Source records
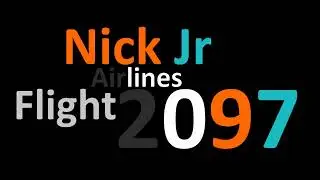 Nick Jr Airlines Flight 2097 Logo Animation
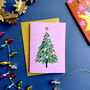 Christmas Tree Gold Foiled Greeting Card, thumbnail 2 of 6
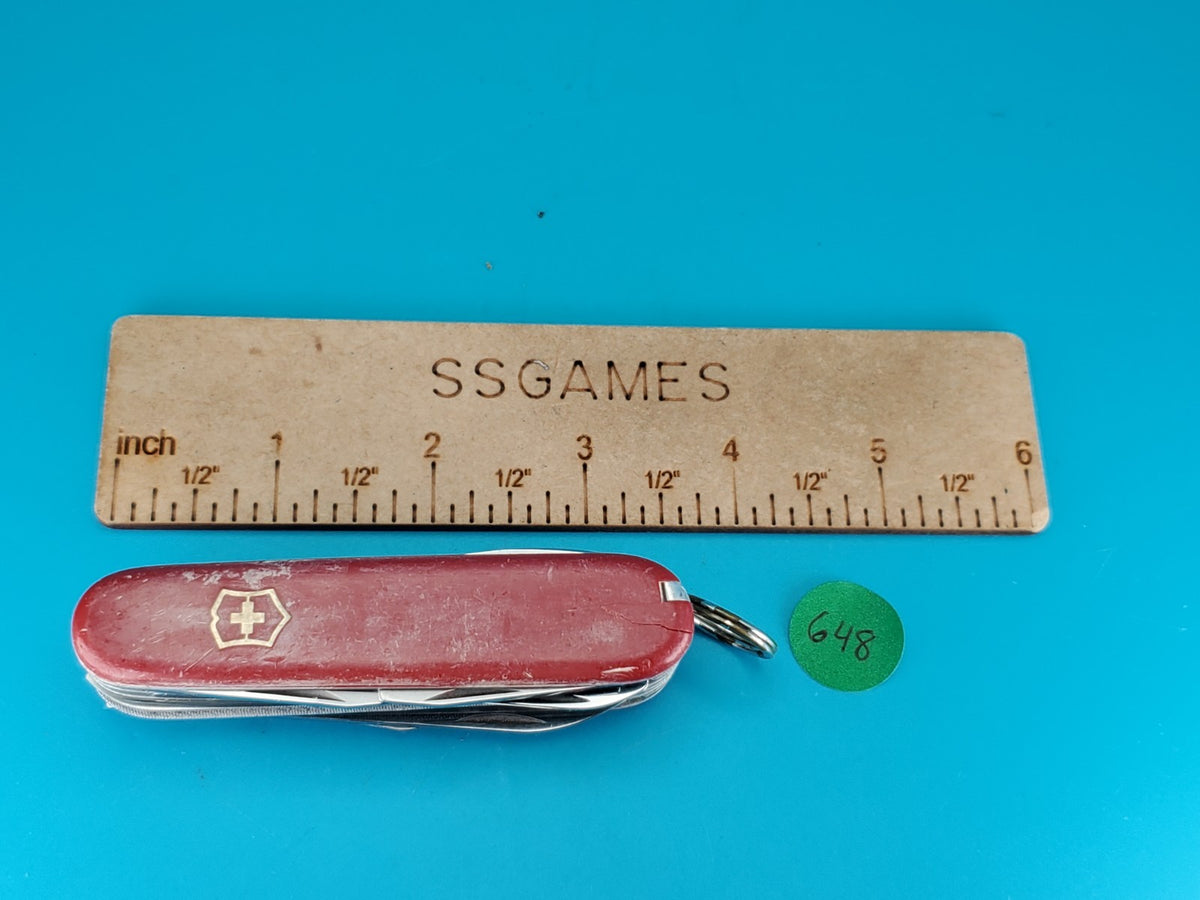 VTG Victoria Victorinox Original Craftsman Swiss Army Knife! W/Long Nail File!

--

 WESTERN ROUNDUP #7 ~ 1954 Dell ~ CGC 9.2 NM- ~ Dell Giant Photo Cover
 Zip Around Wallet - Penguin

* * *

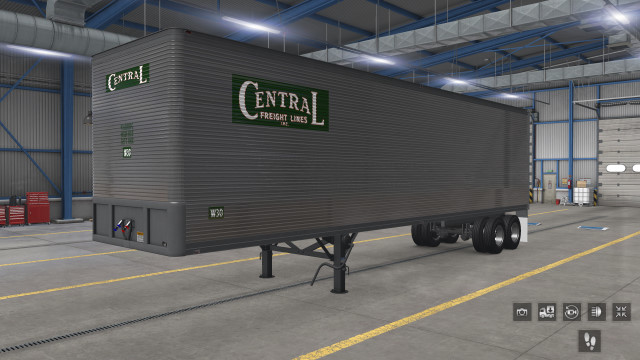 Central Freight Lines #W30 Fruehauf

To do
From the records above, quote word for word only the lines beginning at the line that has "Nick Jr Airlines Flight 2097 Logo Animation" and stopping after the line that has "VTG Victoria Victorinox". Omit the pictures.

Exercise result
 Nick Jr Airlines Flight 2097 Logo Animation
 Christmas Tree Gold Foiled Greeting Card, thumbnail 2 of 6
 VTG Victoria Victorinox Original Craftsman Swiss Army Knife! W/Long Nail File!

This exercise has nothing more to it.